The District of Columbia has high standards for commercial, government, and residential properties in the district to meet their Zero Waste goals. Their waste reduction and diversion programs are applied to universities just as they are to the local Starbucks. As of 2018, these requirements now include:
- Supplying accessible recycling containers.
- Communicating information annually including how and what to recycle.
- Posting signs showing what to place in recycling bins.
The Zero Waste goal of D.C. recognizes the local, national, and global impact that municipal waste streams have. When local recycling waste streams become contaminated, it becomes fiscally smarter to export that waste to low-income communities and countries around the world that are ill-prepared to process and store the incoming, and potentially hazardous waste.
To prevent this environmental justice? Simple. Just ensure every student, staff, faculty, and visitor on campus recycles perfectly, just as they learned in grade school or from the numbers on the bottom of their plastic bottle. Not so simple after all.
At the beginning of the semester, my RA instructed our floor to bag our recyclables from our rooms before disposing of them into the plastic bagged recycling bins in the trash room. Plastic Bags are the second biggest contaminant found in single-stream recycling. Thin-film, stretchy, plastics cannot be recycled.

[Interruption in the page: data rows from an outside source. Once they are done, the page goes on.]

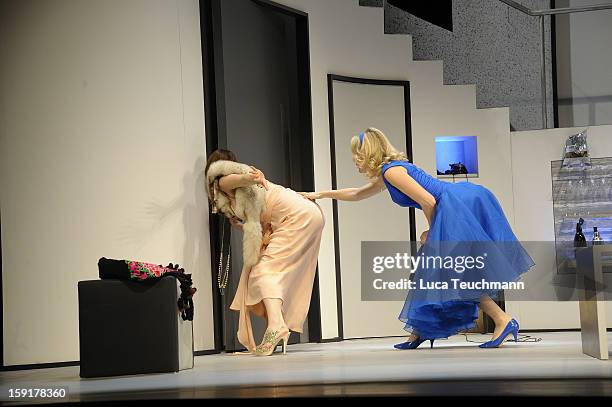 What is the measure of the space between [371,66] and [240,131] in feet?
5.84

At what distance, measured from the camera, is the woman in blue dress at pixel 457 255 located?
584cm

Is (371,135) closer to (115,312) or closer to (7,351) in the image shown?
(115,312)

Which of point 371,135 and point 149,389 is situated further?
point 371,135

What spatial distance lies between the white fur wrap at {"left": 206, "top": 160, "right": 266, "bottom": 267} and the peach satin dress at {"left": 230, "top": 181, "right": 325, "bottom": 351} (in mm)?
90

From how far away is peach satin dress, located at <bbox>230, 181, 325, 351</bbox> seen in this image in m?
6.39

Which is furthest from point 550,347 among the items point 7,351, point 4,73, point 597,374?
point 4,73

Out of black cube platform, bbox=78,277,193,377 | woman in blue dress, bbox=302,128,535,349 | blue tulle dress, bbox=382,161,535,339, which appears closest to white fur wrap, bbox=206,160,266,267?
woman in blue dress, bbox=302,128,535,349

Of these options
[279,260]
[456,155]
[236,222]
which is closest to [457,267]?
[279,260]

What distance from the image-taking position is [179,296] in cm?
504

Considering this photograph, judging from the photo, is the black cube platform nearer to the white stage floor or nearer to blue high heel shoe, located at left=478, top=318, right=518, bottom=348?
the white stage floor

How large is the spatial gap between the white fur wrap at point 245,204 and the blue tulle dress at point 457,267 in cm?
111

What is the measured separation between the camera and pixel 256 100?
7.47m

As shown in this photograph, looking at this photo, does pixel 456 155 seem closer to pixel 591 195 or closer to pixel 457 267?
pixel 591 195

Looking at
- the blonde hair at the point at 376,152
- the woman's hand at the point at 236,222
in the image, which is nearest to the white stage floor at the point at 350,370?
the woman's hand at the point at 236,222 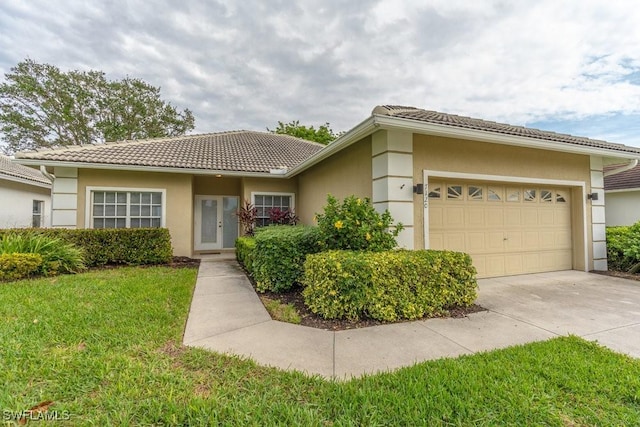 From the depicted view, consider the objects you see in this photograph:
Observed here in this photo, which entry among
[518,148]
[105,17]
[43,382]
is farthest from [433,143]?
[105,17]

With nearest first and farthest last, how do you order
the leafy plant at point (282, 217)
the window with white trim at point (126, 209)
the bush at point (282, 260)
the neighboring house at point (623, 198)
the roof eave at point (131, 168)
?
the bush at point (282, 260)
the roof eave at point (131, 168)
the window with white trim at point (126, 209)
the leafy plant at point (282, 217)
the neighboring house at point (623, 198)

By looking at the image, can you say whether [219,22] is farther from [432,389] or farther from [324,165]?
[432,389]

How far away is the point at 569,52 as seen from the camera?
26.4ft

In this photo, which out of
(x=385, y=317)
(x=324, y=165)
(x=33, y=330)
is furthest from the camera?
(x=324, y=165)

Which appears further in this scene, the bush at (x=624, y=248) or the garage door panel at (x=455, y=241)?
the bush at (x=624, y=248)

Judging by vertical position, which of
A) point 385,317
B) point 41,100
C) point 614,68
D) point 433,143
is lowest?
point 385,317

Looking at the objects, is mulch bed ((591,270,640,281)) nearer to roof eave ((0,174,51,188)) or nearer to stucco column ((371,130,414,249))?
stucco column ((371,130,414,249))

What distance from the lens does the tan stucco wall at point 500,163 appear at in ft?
19.4

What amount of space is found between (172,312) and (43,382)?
1854 mm

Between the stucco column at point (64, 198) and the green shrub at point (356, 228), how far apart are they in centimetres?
831

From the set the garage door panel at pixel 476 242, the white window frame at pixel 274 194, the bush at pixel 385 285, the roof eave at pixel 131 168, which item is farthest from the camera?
the white window frame at pixel 274 194

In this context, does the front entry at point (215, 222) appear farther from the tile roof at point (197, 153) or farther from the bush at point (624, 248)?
the bush at point (624, 248)

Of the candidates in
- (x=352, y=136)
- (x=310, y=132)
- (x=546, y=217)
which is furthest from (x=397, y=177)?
(x=310, y=132)

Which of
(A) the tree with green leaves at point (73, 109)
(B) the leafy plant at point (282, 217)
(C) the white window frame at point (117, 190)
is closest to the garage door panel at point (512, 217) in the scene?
(B) the leafy plant at point (282, 217) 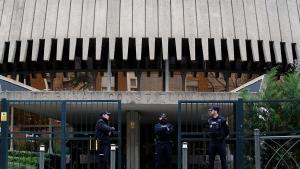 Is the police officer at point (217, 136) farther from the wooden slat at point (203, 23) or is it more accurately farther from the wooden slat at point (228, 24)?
the wooden slat at point (228, 24)

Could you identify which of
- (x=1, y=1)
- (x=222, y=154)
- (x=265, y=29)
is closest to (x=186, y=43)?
(x=265, y=29)

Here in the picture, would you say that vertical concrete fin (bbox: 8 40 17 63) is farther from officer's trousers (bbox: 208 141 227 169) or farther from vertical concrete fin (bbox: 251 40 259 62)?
officer's trousers (bbox: 208 141 227 169)

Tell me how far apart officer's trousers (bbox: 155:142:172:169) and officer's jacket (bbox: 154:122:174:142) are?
0.12 metres

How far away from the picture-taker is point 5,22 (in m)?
22.8

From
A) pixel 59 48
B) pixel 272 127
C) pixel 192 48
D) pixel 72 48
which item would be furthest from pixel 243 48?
pixel 272 127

On a warm summer day, flies can be seen swarming around the blue bins of the Pryz. They are attracted to the recycled cups still sticky with Chick-Fil-A sweet tea.
Containers with food or liquid residue are the largest contaminants found in single-stream recycling. If your food or beverage container is not washed and clean from food residue – it is not recyclable.
How do we account for the wish-cyclers and the willfully ignorant? Those who recycle something in the hope that it can be repurposed and those who choose to pollute the waste stream alike must be taken into account to meet D.C. recycling goals and protect against environmental justice.
In short, WB Waste hauls both our trash and recycling. Recyclables on our campus are bagged due to the high contamination rates to keep the bins clean. The University accepts these high levels of contamination, and pays WB Waste an extra fee to remove the recycling from the plastic bags at their facility.
My conclusion, coming to the end of my senior year, is that waste is something we pay for. I hope CatholicU students can learn to improve their habits once they leave this campus as not every city they settle in will be willing to pay to process their contamination. Ignorance and negligence in recycling something as simple as a plastic bag has a cost, whether in the taxes for municipalities to pay for proper processing or in a low-income community across the world. Once that bottle enters the blue bin, our agency stops. It is the responsibility of every single individual to change their habits, and save lives.